Secondo la Corte, l’articolo 116, terzo comma, della Costituzione, che regola l’attribuzione di forme particolari di autonomia alle regioni ordinarie, deve essere interpretato nel contesto dei principi fondamentali dello Stato italiano: unità della Repubblica, solidarietà tra le regioni, uguaglianza dei cittadini, equilibrio di bilancio e tutela dei diritti costituzionali. La Corte ha sottolineato che la distribuzione delle funzioni tra Stato e regioni deve rispondere al bene comune e alla garanzia dei diritti fondamentali, piuttosto che essere un mero meccanismo di ripartizione del potere politico.
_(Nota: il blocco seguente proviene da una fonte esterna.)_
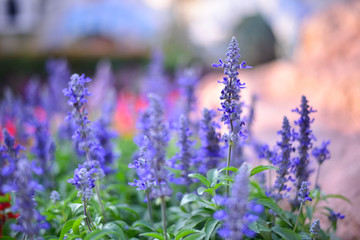 Beautiful flower on earth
Nel valutare i ricorsi delle Regioni Puglia, Toscana, Sardegna e Campania e le opposizioni delle Regioni Lombardia, Piemonte e Veneto, la Corte ha dichiarato incostituzionali alcuni aspetti della legge, tra cui il trasferimento di materie, la delega legislativa sui LEP (Livelli Essenziali delle Prestazioni), il ricorso ai DPCM (decreto del presidente del consiglio dei ministri) per la definizione dei LEP.
La legge prevede infatti la possibilità di trasferire intere materie o ambiti, ma secondo la Corte il trasferimento deve riguardare specifiche funzioni legislative e amministrative, giustificate dal principio di sussidiarietà.
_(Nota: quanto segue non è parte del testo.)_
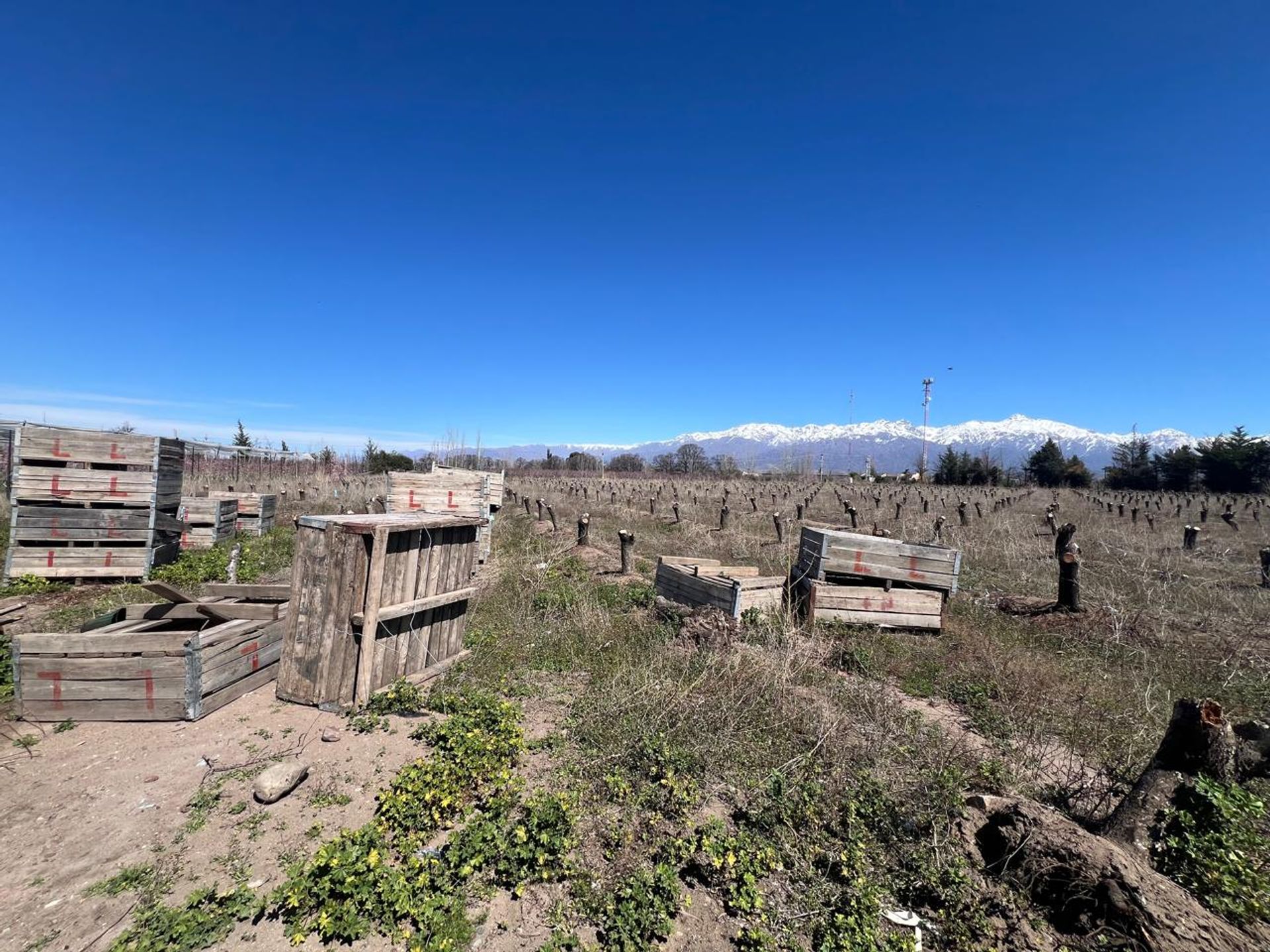Campo en Venta en Tunuyan, Mendoza - USD 1.000.000 | Inmoup - 41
Anche la delega è stata ritenuta illegittima in quanto priva di criteri direttivi chiari, lasciando quindi al Governo decisioni di rilevanza sostanziale e riducendo di fatto il ruolo del Parlamento.
L’utilizzo di decreti del Presidente del Consiglio per determinare o aggiornare i LEP è stato considerato in contrasto con le garanzie costituzionali.
In definitiva la sentenza sottolinea che l’autonomia differenziata, pur essendo un principio costituzionalmente garantito, deve essere attuata nel rispetto della coesione nazionale e dei diritti dei cittadini, evitando di compromettere l’equilibrio tra le diverse regioni.
Secondo i Comitati per il ritiro di qualunque Autonomia differenziata, l’unità della Repubblica e l’uguaglianza dei diritti, “il Governo, il ministro Calderoli e la maggioranza parlamentare di destra escono malconci dalle dichiarazioni di illegittimità di punti significativi della legge Calderoli”.
Scrivono ancora i Comitati: “I Comitati contro l’AD – insieme a sindacati, associazioni e partiti che fanno parte del comitato referendario – attraverso il referendum abrogativo totale, chiedono invece che siano cittadine e cittadini a decidere se la legge Calderoli violi o no gli articoli 2, 3, 5 della Costituzione. Per questo siamo certi che, anche qualora il Parlamento intervenisse per sanare le illegittimità costituzionali, come richiede la Consulta, il referendum di abrogazione totale sarà ammesso e la legge Calderoli, attraverso il voto referendario, sarà cancellata”.
Da parte del Governo, invece, si ostenta sicurezza: “La gran parte dei rilievi mossi – dichiara il ministro Calderoli -possono essere agevolmente superati. A sinistra si rassegnino, la battaglia è persa”.
Sarà anche vero ma resta il fatto che la legge contiene più di un aspetto incostituzionale: c’è quindi da chiedersi come sia possibile che agli uffici legislativi di Palazzo Chigi, oltre che di Montecitorio (Camera) e di Palazzo Madama (Senato) non abbiano fatto rilievi in questa direzione.